[LLVMdev] Regalloc Refactoring

Evan Cheng evan.cheng at apple.com
Wed Apr 18 09:55:04 PDT 2007


On Apr 18, 2007, at 9:20 AM, David Greene wrote:

> Chris Lattner wrote:
>
>> This is a very detailed design point.  I don't think it makes sense
>> to talk about this until we are further along :).
>
> It's actually a fundamental design decision and therefore needs to
> be talked about up front.  I understand where you're coming from
> but static polymorphism is the design I'd choose.  It's important to
> get the sense of the community about this early on so I don't go do
> something that people object to.
>
>> I agree that there are pros an cons, but I see these (static
>> specialization vs dynamic dispatch) as two equivalent ways to solve
>> the same problem, just with two different sets of trade-offs.  With
>> one you have code duplication (of an entire register allocator??) on
>> the other hand you have dynamic dispatch overhead.
>
> This isn't static specialization.  It's the Template Method pattern.
> There's one generic algorithm that's parameterized through one or
> more traits classes.  The generic algorithm calls into the traits
> classes to get varying behavior.

Template instantiation is static specialization. That, unfortunately,  
causes a lot of code duplication. It's not suitable for many classes.  
We are very concerned about overall footprint of LLVM.

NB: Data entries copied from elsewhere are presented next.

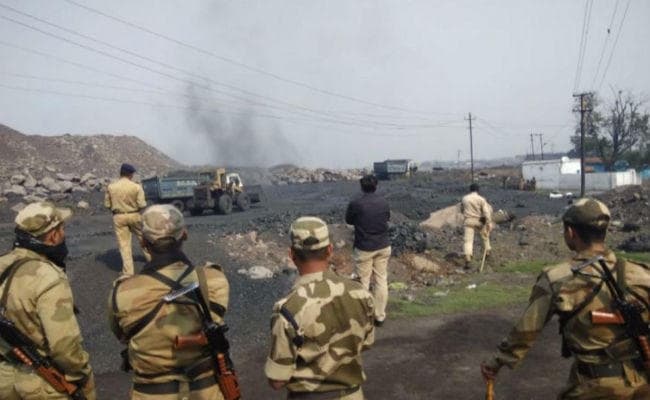 अवैध कोयला के खिलाफ पुलिस ने मारा छापा, सात बैलगाड़ियां तोड़ी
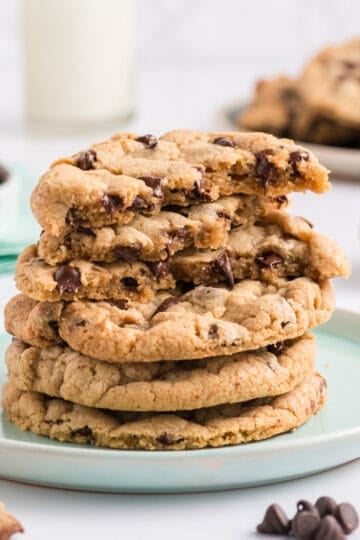 Cover image for Best Big Fat Chewy Chocolate Chip Cookies.
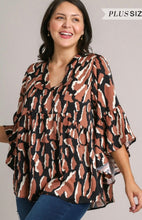 Load image into Gallery viewer, Bell Sleeve Black Animal Top
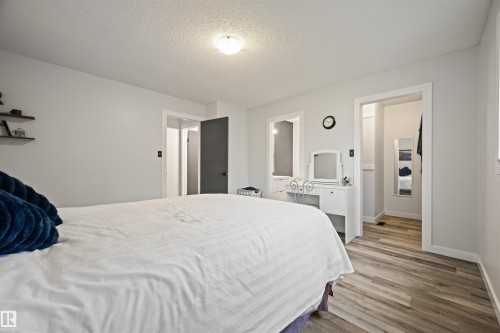 315 Buchanan Way, Edmonton, AB 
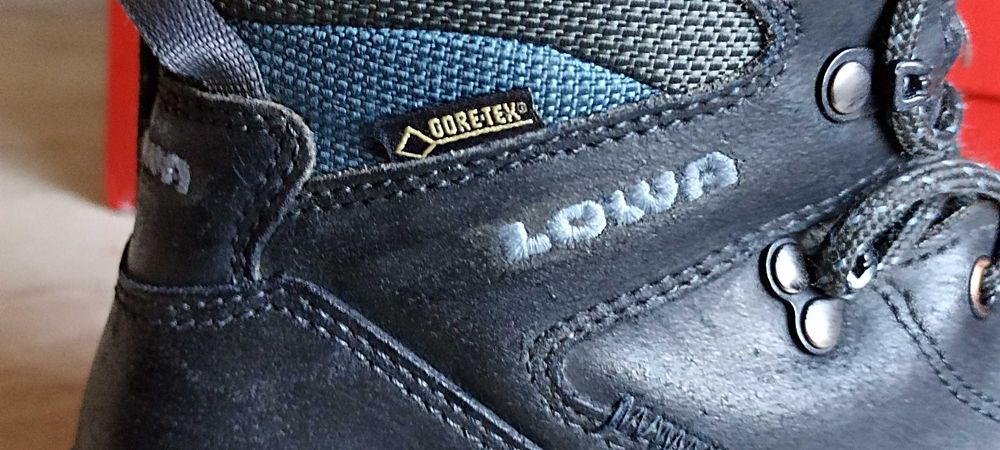 Черевики  " LOWA " (GORETEX)   -39 р  Made in Slovakia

Seriously, it's not important to get every design point decided  
before we proceed. We like incremental development. :-) See http:// 
llvm.org/docs/DeveloperPolicy.html#incremental

Evan

>
> There is no code duplication.  Let's say I write two register
> allocators.  One uses linear scan and the other uses graph coloring.
> Both need to compute spill weights.  A single traits class can
> be reused as a parameter to both allocators, allowing the spill
> weight computation code to be shared.  If someone else comes
> along later with a better spill weight algorithm, we can substitute
> that traits class when we parameterize the allocators.
>
> An example is the use of allocators in the standard library.  The
> code for std::vector isn't duplicated.  If I want a different
> allocation strategy I write a new allocator class and pass that
> as part of the vector type.
>
>> In practice, the only way to determine the worth of one approach over
>> the other is careful measurment, which you can't do until you have an
>> implementation :)
>
> The detailed part of the design is exactly what goes into the
> traits class(es), and yes, that is something that will be hashed
> out with experience.  But choosing static vs. dynamic polymorphism
> has important software engineering implications.  It's not a
> simple matter to convert from one to the other mid-stream.